В «Сиде» блистательно воплотились родовые черты корнелевской драматургии, начиная с пафоса пьесы, основанного на вере в возможность победы "доброго дела", и кончая лингвистической и стихотворной концепциями, согласно которым в трагедии "язык должен быть ясным, фигуры разнообразными и уместными, стихи легкими, приподнятыми над прозой, но чуждыми велеречивости, присущей эпической поэме, ибо те, кого поэт заставляет говорить, не являются поэтами".

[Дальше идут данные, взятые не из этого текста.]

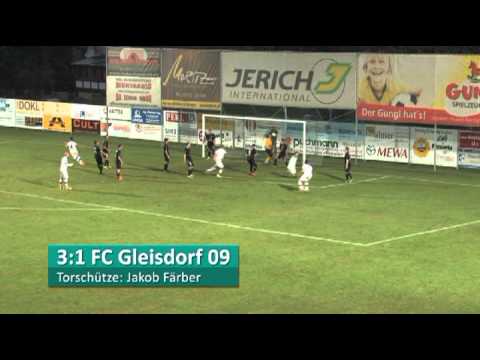 Fussball Landesliga FC Gleisdorf 09 - ASK Voitsberg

В «Сиде» классицистические художественные принципы предстают столь естественно, столь нераздельно с содержанием, что его рационалистические основы трудно различимы. Трагедия написана как бы на одном дыхании. В ней свобода творческого воображения, эмоциональная насыщенность превалируют, обволакивая жесткий классицистический каркас композиции, санкционируя логическое начало вдохновением. Корнель, по-видимому, поднялся здесь на вершину творческих возможностей, причину чего некоторые французские литературоведы видели в потрясении, которым стал для Франции 1636 год, когда страна, — недавно активно ввязавшаяся в Тридцатилетнюю войну, терпела поражение за поражением и отбилась от врага с огромным трудом, опираясь на патриотический подъем широких масс населения. Об этой ситуации и о ее влиянии на Корнеля убедительно пишет советский ученый Ю. Б. Виппер {Виппер Ю. Б., Самарин Р. М. Курс лекций по истории зарубежных литератур XVII века. М., 1954, с. 305–306.}, особо выделяя значение народного мнения как важной идейной тенденции трагедии. Добавим, со своей стороны, что и в дальнейшем народ в пьесах Корнеля играет существенную роль, хотя и не выходит на сцену, как у Шекспира или Лопе де Вега. В драматургии Корнеля народная масса иной раз чрезмерно эмоциональна, пристрастна, переменчива, но в целом она враждебна всякой несправедливости, жестокости, обману, тирании. Надо, конечно, оговорить, что народное мнение отдвинуто порой у Корнеля на периферию, иной раз оспаривается действующими лицами. Драматург, безусловно, относился к народу неоднозначно, разделяя многие предрассудки близкой ему парламентской среды, отдавая дань, пусть не официозным, монархическим своим взглядам. И все же тему народа в трагедиях Корнеля невозможно игнорировать, невозможно не видеть в ней одно из свидетельств сложно и противоречиво проявляющейся народности великого писателя. В «Сиде» она воплотилась непосредственнее, чем во многих других его произведениях.